The world of investments can be confusing, especially if you don’t take the time to understand how things work. For example, some investors think they can just emulate the investing styles of the experts (copy trading). Whatever people invest in, that’s what they pick, too.
This is not a good idea, and not because you can’t rely on experts. After all, no one will claim that Warren Buffet isn’t good at what he does. However, what works for him won’t necessarily work for you, because you have a different investment style.
Each investor has his or her own approach to investing. Your personality, your goals, your understanding of investments, and your tolerance for risks – all of these contribute to the development of investing styles. Copying from someone else blindly without consideration for your personal approach to investing can mean disaster.
Investing Styles: Find Your Best
Here are five key questions that will help you determine your investment style:
1. Why do you want to invest?
Determining the goals you want to achieve can help you decide on your investment style. For example, if you’re thinking about your golden years, you may want to pick a long-term investment program that will help you save up and invest your money for your retirement. If this is your goal, you can consider something like the 401k program.
Also, knowing how much time you have to invest gives you a bit more leeway to decide on what sort of investment you’d like to employ. If you’re giving yourself a window of 30-odd years for investing, then you can take your time and invest on low risk companies, because you are willing to wait for your earnings to grow.
» Continue reading: Basic Investment Guide: Why and in what to invest your money?
2. What level of risk are you comfortable with at this time?
Not all investors can handle being very aggressive. Too much risk isn’t something for everyone. For most investors, moderate to low risks are enough, even if they do take a bit of time to earn interest. Those who want to earn fast, though, will go with risky investments. To be an aggressive investor, you will have to pour in a lot more capital and select the companies that most moderate investors won’t touch.
One example of risky investments is investing in penny stocks. These inexpensive stocks may or may not offer significant gains to investors over time. Your level of risk also depends on your circumstances at this time in your life, too. Some people starting out are willing to take a bigger risk, because they don’t have as much to lose as those more experienced or with more revenue.
3. How much stock volatility can you tolerate?
It’s not all about the riskiness, though. Some investors simply cannot stand companies whose stocks rise and fall abruptly and regularly. High levels of volatility might not always be indicative of riskiness, but they can be a turn off for investors who want peace of mind. For others, taking chances is exciting and stimulating, and they enjoy the risk of volatile stocks; some even thrive on it and do quite well, but this is not for everyone.
4. What sort of business gives you confidence?

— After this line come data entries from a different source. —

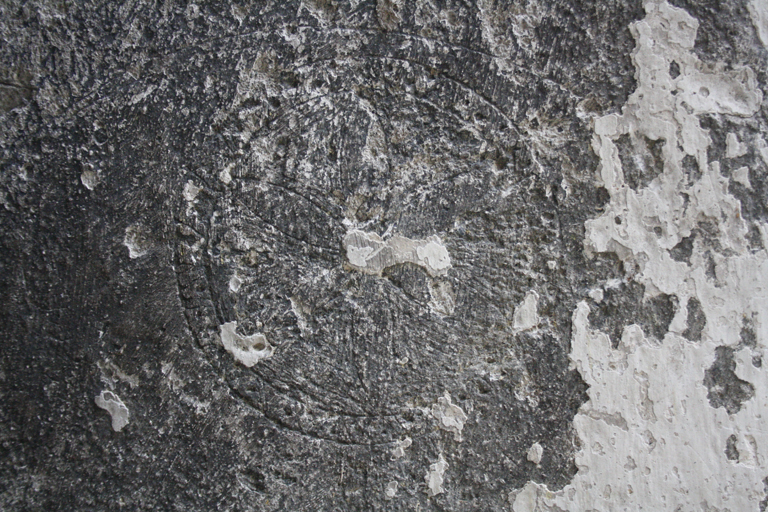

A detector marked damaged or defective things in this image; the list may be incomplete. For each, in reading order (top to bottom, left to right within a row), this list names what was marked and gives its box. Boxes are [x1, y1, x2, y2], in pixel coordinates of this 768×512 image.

peeling white paint [342, 229, 450, 276]
peeling white paint [512, 2, 768, 510]
peeling white paint [516, 292, 540, 332]
peeling white paint [218, 320, 274, 368]
peeling white paint [95, 392, 131, 432]
peeling white paint [432, 392, 468, 440]
peeling white paint [392, 436, 412, 460]
peeling white paint [424, 456, 448, 496]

Investing in a business requires trust. Some investors are just a lot more comfortable investing in large, well-known companies. Others prefer to gamble on smaller ones that might prove to be the next big thing.

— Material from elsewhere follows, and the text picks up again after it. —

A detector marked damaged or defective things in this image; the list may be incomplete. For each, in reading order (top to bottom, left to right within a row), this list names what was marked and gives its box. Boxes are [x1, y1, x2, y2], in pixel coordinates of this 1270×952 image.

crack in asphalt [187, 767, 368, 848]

Choosing the company that inspires confidence in you is a very personal thing. Though your standards may not always be accurate, it’s important that you invest in a company that you really think will earn money for you. There’s no point choosing a company you can’t believe in.
5. How much time can you devote to research?
Investing in stocks requires a lot of research. You have to know what companies to pick and you have to decide on the level of risk you’re willing to take. If you don’t have the time or if you don’t think you can handle the research, you can always opt for a mutual funds program that will select the stocks for you after you decide on the level of risk you want.
Investment Styles Which is Yours?
These simple questions can go a long way towards helping you determine your personal investment style, but first, you should make sure you understand the basics of investing, here: “Investing: The Basics”. We also recommend you to read our Investment & Financial Dictionary.
Next, make sure to take your time to answer each one of the key questions honestly and realistically. Once you know your style, you’ll not only feel more confident when you invest, you’ll have more success in the end.